»»

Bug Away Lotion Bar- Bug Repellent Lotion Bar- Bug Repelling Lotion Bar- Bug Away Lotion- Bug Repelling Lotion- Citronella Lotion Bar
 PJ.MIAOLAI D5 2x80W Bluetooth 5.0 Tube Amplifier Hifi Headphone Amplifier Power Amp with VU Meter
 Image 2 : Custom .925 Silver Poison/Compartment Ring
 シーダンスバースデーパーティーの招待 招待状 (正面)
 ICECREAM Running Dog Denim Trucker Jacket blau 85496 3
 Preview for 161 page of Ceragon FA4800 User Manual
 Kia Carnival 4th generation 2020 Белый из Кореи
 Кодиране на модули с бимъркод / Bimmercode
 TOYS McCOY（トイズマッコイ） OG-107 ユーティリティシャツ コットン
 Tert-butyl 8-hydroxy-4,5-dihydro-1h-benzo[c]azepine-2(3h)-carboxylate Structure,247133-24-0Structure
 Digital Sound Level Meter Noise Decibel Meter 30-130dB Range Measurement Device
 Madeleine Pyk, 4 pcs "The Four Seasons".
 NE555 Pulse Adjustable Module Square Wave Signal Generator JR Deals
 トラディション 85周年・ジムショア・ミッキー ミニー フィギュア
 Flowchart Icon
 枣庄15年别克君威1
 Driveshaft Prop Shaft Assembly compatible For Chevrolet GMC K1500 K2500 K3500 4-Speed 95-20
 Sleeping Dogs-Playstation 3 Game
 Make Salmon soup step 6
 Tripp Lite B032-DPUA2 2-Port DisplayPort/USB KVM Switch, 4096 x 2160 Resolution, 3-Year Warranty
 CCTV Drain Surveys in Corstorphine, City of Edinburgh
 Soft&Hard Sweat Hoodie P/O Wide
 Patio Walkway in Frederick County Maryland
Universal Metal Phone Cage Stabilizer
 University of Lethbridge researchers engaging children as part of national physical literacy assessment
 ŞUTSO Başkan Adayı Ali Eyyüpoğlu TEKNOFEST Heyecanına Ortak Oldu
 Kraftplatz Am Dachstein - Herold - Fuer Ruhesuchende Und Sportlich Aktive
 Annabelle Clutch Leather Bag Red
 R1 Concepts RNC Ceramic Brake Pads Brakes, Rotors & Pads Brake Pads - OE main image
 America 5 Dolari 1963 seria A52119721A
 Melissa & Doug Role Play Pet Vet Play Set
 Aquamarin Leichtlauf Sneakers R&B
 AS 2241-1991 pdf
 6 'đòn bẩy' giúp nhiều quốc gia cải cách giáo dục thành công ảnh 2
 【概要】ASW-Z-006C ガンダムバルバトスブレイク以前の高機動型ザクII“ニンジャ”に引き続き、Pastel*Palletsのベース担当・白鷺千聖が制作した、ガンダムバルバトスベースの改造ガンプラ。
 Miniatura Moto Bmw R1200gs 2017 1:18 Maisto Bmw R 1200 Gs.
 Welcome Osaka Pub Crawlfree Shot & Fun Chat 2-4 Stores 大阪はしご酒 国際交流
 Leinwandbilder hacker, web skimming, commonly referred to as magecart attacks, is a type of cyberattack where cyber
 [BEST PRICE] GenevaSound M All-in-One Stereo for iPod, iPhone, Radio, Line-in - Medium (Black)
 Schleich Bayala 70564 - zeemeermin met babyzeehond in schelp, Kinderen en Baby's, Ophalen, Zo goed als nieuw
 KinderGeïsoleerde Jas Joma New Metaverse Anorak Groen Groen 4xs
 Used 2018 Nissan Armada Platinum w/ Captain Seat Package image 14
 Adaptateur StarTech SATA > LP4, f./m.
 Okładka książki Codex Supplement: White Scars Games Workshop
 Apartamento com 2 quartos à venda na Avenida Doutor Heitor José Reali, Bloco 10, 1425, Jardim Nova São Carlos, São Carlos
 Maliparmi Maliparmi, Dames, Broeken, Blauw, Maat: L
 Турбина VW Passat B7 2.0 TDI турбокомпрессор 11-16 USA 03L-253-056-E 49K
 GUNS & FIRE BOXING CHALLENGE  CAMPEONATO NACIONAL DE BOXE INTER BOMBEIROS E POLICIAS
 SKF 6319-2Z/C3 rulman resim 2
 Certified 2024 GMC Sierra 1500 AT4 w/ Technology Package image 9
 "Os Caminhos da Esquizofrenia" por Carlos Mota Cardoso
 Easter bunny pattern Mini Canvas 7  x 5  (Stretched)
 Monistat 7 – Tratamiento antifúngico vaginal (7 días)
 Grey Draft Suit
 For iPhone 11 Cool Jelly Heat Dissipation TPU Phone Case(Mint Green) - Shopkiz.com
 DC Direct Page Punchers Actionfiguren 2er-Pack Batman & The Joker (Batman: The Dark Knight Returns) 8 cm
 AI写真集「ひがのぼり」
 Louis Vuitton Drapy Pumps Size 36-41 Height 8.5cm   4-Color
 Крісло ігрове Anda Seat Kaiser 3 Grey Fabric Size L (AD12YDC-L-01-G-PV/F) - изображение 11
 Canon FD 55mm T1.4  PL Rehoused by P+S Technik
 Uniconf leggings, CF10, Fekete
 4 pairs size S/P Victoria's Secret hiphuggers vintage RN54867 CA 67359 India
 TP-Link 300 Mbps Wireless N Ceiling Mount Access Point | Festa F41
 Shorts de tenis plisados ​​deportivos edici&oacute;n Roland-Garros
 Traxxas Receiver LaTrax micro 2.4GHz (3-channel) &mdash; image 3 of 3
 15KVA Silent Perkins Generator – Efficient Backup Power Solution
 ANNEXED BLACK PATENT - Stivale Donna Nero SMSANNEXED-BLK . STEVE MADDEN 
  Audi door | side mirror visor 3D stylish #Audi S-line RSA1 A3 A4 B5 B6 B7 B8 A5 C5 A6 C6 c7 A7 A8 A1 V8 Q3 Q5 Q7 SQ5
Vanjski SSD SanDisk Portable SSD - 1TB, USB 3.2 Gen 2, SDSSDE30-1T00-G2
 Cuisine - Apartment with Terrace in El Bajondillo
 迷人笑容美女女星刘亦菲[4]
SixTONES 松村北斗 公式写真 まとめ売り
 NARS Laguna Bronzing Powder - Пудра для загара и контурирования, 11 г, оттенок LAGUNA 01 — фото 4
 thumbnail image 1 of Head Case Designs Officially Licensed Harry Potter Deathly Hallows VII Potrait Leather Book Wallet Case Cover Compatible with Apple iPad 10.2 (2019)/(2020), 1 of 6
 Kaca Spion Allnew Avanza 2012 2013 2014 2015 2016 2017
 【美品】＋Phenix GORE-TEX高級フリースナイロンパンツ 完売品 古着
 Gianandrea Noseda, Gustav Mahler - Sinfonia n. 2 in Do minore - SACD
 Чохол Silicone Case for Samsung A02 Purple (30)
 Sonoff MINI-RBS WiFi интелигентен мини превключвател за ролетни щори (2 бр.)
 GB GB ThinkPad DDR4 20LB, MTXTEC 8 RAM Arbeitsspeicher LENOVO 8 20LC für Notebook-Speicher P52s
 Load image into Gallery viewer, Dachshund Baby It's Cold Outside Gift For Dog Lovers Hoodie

««

WHAT YOU ARE ASKED TO DO - Using the entries above, extract exactly the span from the line with "ICECREAM Running Dog" to the line with "Madeleine Pyk, 4", both lines included; leave out everything else.

THE COMPLETED TASK -
 ICECREAM Running Dog Denim Trucker Jacket blau 85496 3
 Preview for 161 page of Ceragon FA4800 User Manual
 Kia Carnival 4th generation 2020 Белый из Кореи
 Кодиране на модули с бимъркод / Bimmercode
 TOYS McCOY（トイズマッコイ） OG-107 ユーティリティシャツ コットン
 Tert-butyl 8-hydroxy-4,5-dihydro-1h-benzo[c]azepine-2(3h)-carboxylate Structure,247133-24-0Structure
 Digital Sound Level Meter Noise Decibel Meter 30-130dB Range Measurement Device
 Madeleine Pyk, 4 pcs "The Four Seasons".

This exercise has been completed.